Chartered Insurance Institute

4 min read Partner content

A new report from the Chartered Insurance Institute reveals the risks a woman faces over her lifetime: lower earnings, insecure work, distinct health risks and increased likelihood of domestic violence.

Women face a significant pay gap which has "profound effects" on life choices, independence, resilience to financial shocks, and preparedness for later life, a new report has found.

Women’s Risks in Life: An interim report into risk, exposure and resilience to risk in Britain today, from the Chartered Insurance Institute (CII), revealed women working in their 40s earn 12% less than men. On average women in full-time work earn over 9% less than men, down from 17% in 1997.

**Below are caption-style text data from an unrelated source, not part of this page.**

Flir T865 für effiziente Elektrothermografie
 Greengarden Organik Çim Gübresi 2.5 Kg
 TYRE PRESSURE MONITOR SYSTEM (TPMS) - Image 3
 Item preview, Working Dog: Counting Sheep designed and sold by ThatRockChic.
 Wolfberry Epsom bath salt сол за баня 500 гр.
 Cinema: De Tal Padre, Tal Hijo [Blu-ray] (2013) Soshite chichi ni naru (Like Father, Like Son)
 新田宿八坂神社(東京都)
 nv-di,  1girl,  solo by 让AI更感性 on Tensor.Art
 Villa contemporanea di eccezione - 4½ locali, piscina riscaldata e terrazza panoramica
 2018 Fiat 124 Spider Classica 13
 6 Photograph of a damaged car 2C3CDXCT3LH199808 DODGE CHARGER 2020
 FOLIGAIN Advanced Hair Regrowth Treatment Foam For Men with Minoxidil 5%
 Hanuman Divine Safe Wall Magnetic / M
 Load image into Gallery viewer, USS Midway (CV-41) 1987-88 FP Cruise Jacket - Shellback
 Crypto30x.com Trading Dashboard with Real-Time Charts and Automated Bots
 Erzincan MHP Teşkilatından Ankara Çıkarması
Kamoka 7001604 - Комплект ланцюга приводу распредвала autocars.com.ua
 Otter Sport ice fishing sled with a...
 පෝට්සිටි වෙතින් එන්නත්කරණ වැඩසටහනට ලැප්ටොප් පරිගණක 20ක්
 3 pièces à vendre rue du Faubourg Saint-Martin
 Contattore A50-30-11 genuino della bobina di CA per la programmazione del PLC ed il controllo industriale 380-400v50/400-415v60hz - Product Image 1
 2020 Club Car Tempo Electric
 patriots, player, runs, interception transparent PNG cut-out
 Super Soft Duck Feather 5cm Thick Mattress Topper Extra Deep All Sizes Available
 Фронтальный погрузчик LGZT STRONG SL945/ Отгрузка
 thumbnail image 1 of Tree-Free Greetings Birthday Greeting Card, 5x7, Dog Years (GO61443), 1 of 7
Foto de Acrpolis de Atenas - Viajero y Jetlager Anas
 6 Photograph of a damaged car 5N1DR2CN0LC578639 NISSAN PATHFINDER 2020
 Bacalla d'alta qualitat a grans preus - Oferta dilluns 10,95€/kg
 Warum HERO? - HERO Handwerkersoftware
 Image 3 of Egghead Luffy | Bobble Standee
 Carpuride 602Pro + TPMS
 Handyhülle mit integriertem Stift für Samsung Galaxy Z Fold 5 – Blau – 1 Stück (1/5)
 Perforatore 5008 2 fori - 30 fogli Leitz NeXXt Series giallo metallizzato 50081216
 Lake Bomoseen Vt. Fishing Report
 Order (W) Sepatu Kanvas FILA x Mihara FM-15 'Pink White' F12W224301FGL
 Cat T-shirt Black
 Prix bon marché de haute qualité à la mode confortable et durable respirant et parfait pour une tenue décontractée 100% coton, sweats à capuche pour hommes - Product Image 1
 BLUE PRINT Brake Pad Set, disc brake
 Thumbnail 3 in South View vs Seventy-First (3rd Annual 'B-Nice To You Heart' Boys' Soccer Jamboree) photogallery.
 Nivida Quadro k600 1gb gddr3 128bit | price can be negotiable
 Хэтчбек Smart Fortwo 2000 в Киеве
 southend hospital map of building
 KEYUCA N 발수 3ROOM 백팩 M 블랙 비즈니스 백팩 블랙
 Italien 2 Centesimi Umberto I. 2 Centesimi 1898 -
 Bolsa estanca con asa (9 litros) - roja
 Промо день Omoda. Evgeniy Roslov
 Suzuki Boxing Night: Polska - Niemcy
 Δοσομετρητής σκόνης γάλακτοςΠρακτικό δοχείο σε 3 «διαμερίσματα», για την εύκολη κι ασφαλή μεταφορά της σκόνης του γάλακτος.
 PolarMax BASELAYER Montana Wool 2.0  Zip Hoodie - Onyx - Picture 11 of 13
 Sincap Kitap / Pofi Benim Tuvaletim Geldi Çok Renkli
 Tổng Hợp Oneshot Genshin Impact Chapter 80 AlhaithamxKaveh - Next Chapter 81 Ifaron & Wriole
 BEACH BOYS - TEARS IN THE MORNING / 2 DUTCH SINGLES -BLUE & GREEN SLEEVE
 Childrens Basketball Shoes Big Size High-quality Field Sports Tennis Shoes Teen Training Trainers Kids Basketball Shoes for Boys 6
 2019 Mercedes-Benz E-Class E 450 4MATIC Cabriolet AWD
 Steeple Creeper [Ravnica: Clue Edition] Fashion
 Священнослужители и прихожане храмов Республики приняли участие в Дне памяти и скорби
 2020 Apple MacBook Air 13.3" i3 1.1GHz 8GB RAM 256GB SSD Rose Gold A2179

Sarah Champion, Shadow Women’s and Equalities Minister said the report’s findings are “disturbing, but are sadly no longer surprising."

The MP continued: “86 per cent of net savings to the Treasury through tax and benefit measures since 2010 have come from women. Coupled with the shameful gender pay gap and record levels of maternity discrimination in the workplace this means that women across the UK are materially disadvantaged financially compared to men.

“The Tories have consistently failed women economically. By failing to gender audit their own economic policies and to address the gender pay gap, they are shutting their eyes to this systematic injustice.

“A Labour government will commit to gender auditing all economic policies in order to stamp out financial inequality once and for all.”

The CII report also revealed that women pay substantially more for care than men do. Women tend to live longer: a girl born in 2014 can expect to live to 83, nearly four years longer than a boy born on the same day. This, combined with the fact that most women in the bottom 40% of households by household income have no pension wealth at all, means gender seriously affects care costs.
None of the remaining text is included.